§ **Activity**
For the data below, transcribe the part that opens with the line containing "The river swollen" and closes with the line containing "Flickor äter söta", exactly and with no pictures.

§ **Source material**
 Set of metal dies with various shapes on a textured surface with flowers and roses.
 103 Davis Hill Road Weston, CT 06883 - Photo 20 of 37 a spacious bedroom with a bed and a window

...

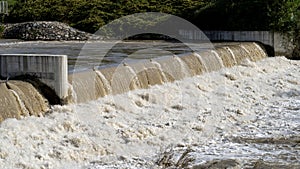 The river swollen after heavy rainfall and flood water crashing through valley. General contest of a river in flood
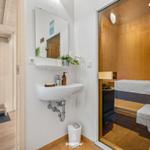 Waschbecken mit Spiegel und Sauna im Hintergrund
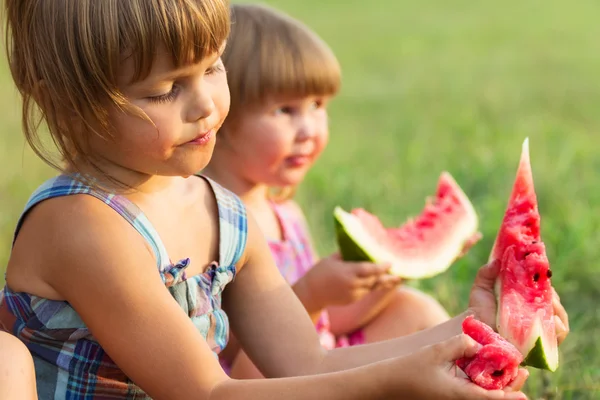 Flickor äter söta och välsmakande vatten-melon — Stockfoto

§ **Written response**
 The river swollen after heavy rainfall and flood water crashing through valley. General contest of a river in flood
 Waschbecken mit Spiegel und Sauna im Hintergrund
 Flickor äter söta och välsmakande vatten-melon — Stockfoto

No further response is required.